* [EXERCISE OBJECTIVE]: Output the lines from the one containing "cute line art" through the last line of the material below, exactly; please do not include pictures.

※

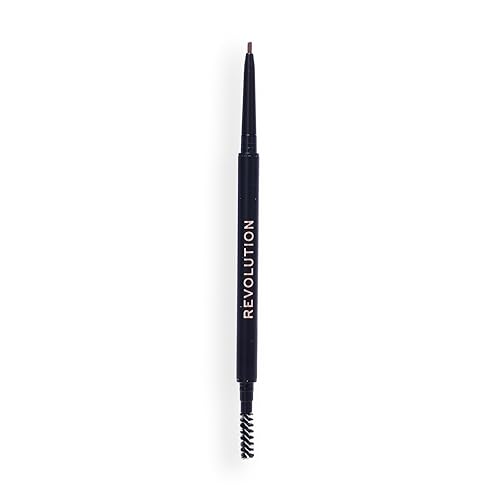 Revolution Precise Brow Pencil, Crayon Sourcils Double Embout avec Brosse pour Sourcils Nets et Précis, Warm Medium Brown, 0,5 g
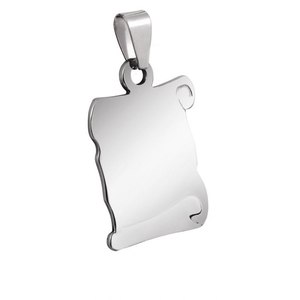 Ciondolo in Acciaio Pergamentato 17x26mm Placcato Oro 18K 20mm Componenti per Gioielli in Confezione Sacchetto - Product Image 1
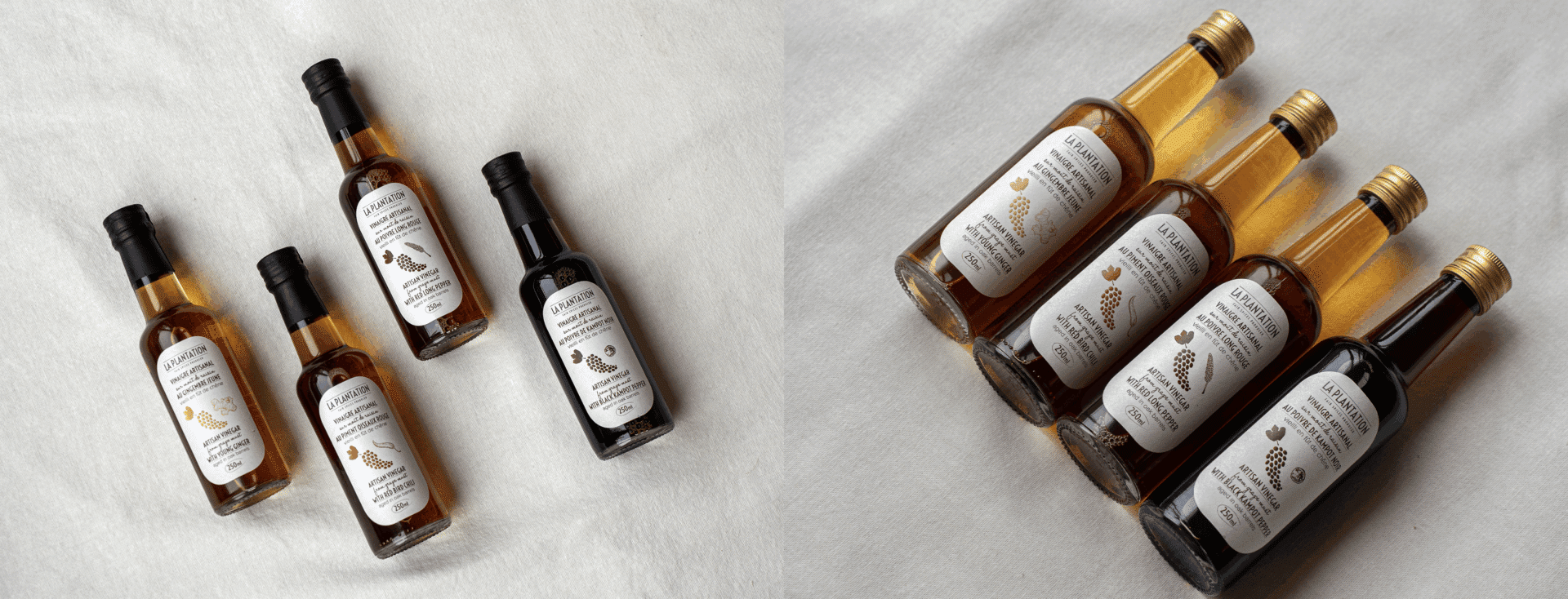 8 bouteilles de vinaigres sur mout de raisin artisanaux sur une table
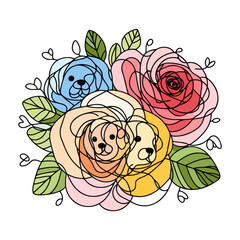 cute line art drawing, puppy face on colorful flower, abstract line art, tattoo style 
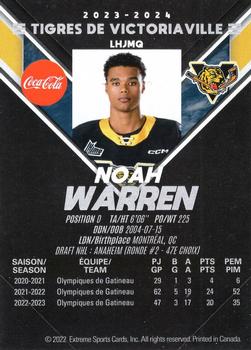 2023-24 Extreme Victoriaville Tigers (QMJHL) - Autographs #NNO Noah Warren Back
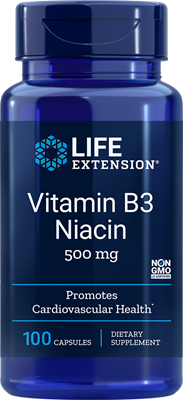  Vitamin B3 Niacin  500 mg, 100 capsules Life Extension Imagem 1
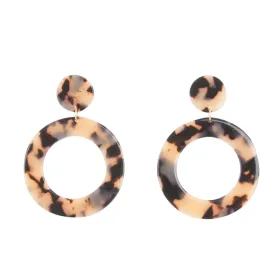 Circle Blonde Tortoise Earrings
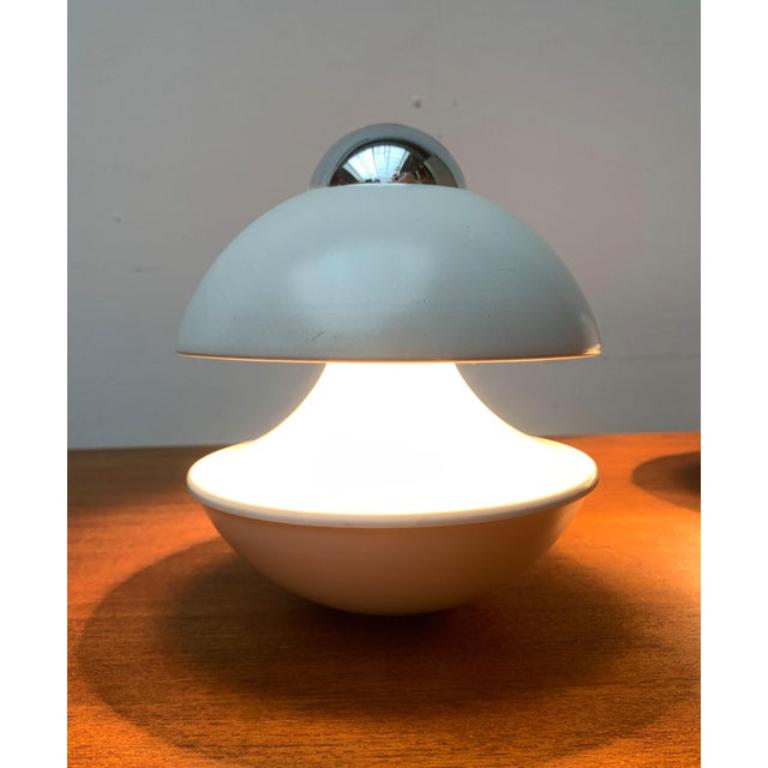 2er-Set Deutsche Space Age Pilz Tisch- oder Wandlampe, 1970er Jahre (Metall) im Angebot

※

* [THE ANSWER]:
 cute line art drawing, puppy face on colorful flower, abstract line art, tattoo style 
 2023-24 Extreme Victoriaville Tigers (QMJHL) - Autographs #NNO Noah Warren Back
  Vitamin B3 Niacin  500 mg, 100 capsules Life Extension Imagem 1
 Circle Blonde Tortoise Earrings
 2er-Set Deutsche Space Age Pilz Tisch- oder Wandlampe, 1970er Jahre (Metall) im Angebot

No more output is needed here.